Le taux de chômage des diplômés du supérieur a doublé en 12 ans
Le taux de diplômés du supérieur au chômage en Tunisie est passé de 15% en 2005 à 31% au cours des cinq dernières années, révèle une étude sur « l’enseignement supérieur, entre transmission du savoir et exigence de l’employabilité » réalisée par le bureau d’études Sigma Conseil et la fondation allemande Konrad Adenauer. Selon l’Institut national de la statistique (INS) la Tunisie comptait 632.500 chômeurs au 1er trimestre 2017. Des chiffres qui ne plaident pas en faveur du gouvernement Chahed, au pouvoir depuis août 2016, mais en difficulté notamment à Tataouine où une délégation gouvernementale a dû interrompre précipitamment hier jeudi une visite de terrain.
« La probabilité de chômage des diplômés du supérieur est supérieure à celle de la main d’œuvre active en général », a déclaré le PDG Sigma Conseil, Hassan Zargouni, lors de la présentation des résultats de l’étude lors d’une conférence débat organisée hier jeudi à Sfax, capitale économique du sud tunisien.

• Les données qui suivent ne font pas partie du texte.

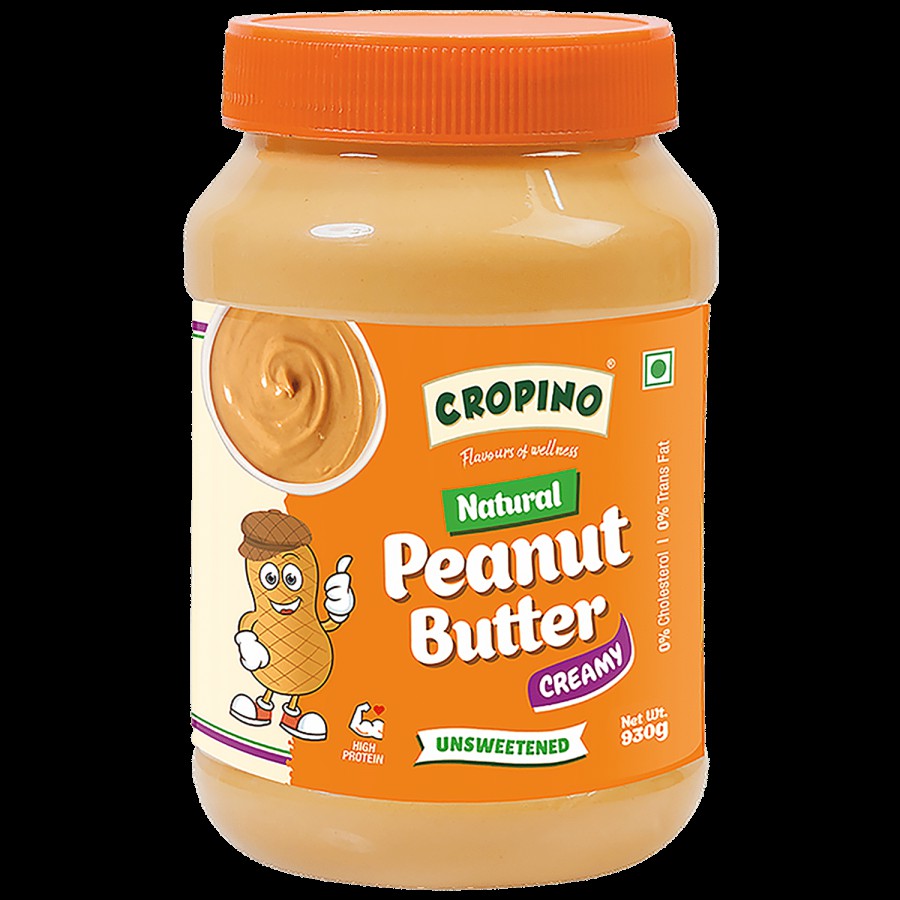 Cropino Natural Peanut Butter - Creamy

L’étude montre le grand décalage dans la situation actuelle entre la nette augmentation du nombre d’étudiants inscrits à l’Université tunisienne et les perspectives d’employabilité des diplômés.

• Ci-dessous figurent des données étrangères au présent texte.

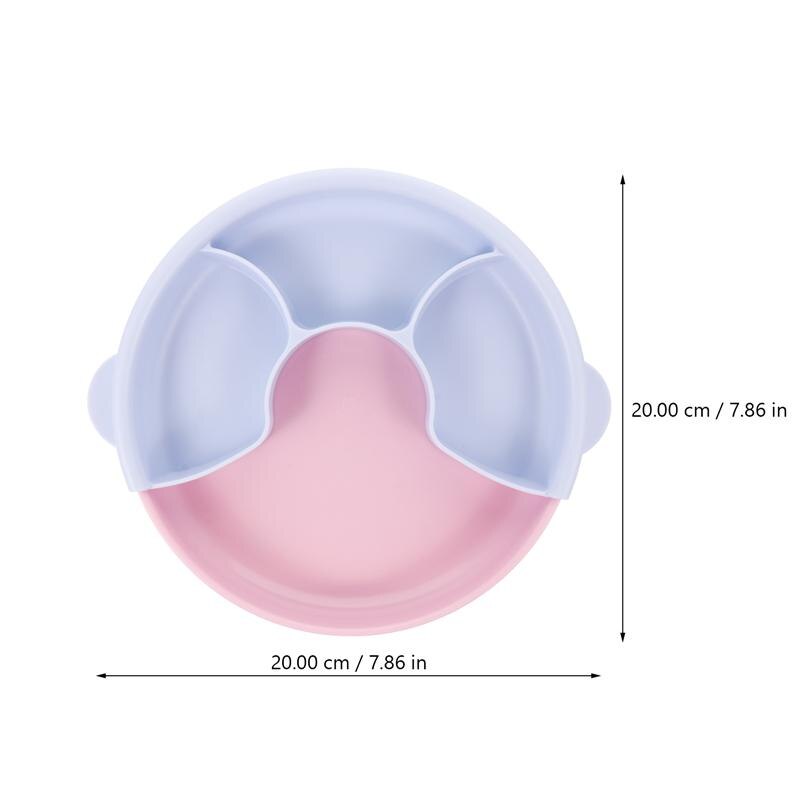 1pc siliconen babyborden, servies, dinerborden, kinderbord, dinerschaal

Les chiffres indiquent en effet une nette hausse du nombre d’étudiants inscrits dans les universités privées entre 2001 et 2015 ainsi qu’une augmentation du pourcentage de jeunes femmes parmi les diplômés du supérieur (66.5%), deux fois plus nombreuses que les étudiants de sexe masculin (33.5%).

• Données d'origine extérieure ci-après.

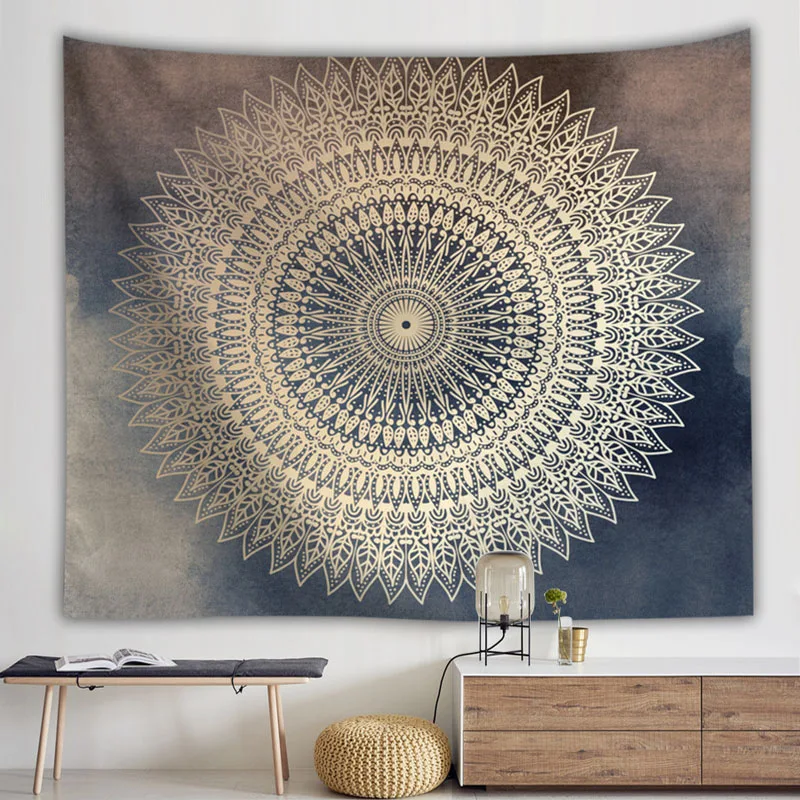 

Mandala Tapestry Foreign Trade Indian Mandala Tapestry Cushion Wall Hanging 030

L’étude met l’accent sur deux axes majeurs : la non-adaptation de la formation universitaire actuelle avec les besoins du marché de l’emploi, et les craintes quant à l’avenir de l’enseignement supérieur public face à la montée du privé. Elle souligne malgré tout que le taux de satisfaction de la formation universitaire est de 60%, contre 40% d’insatisfaits.
Holger Diecks, de la fondation Konrad Adenauer, a pour sa part affirmé que le taux de chômage à la sortie de l’université ne représente à titre de comparaison que 1% en Allemagne, et que le taux de diplômés du supérieur ne dépasse pas les 27% de la population totale.
Il a recommandé de ne pas s’arrêter au volet académique et de privilégier également les stages et le travail partiel en entreprise, ainsi que d’opter pour des formations professionnelles complémentaires, ainsi que l’apprentissage des langues étrangères.
Présent également, le ministre de l’Enseignement supérieur et de la Recherche scientifique Selim Khalbous a reconnu que les chiffres révélés par cette étude montrent l’ampleur du chantier qui attend son département et l’importance des travaux de réforme à entreprendre. Il a en outre fait remarquer que les six dernières années n’ont pas enregistré de projets ou d’actions concrètes en faveur de l’Université tunisienne.
Khalbous a par ailleurs imputé l’échec de l’Université tunisienne en termes d’employabilité lors des 20 dernières années à son manque d’ouverture sur son environnement économique et à l’absence de la culture et de la création.
Le budget de l’Enseignement supérieur et de la recherche scientifique ne dépasse pas actuellement 4.2% du budget total de l’Etat. Il est réparti sur 204 établissements d’enseignement supérieur public qui accueillent quelques 300 mille étudiants.
En déplacement hier 27 avril à Tataouine, gouvernorat aux prises avec des sit-in géants réclamant de l’emploi depuis bientôt un mois, Youssef Chahed n’a pu promettre concrètement qu’une soixantaine d’emplois dans le secteur pétrolier pour les jeunes de la région.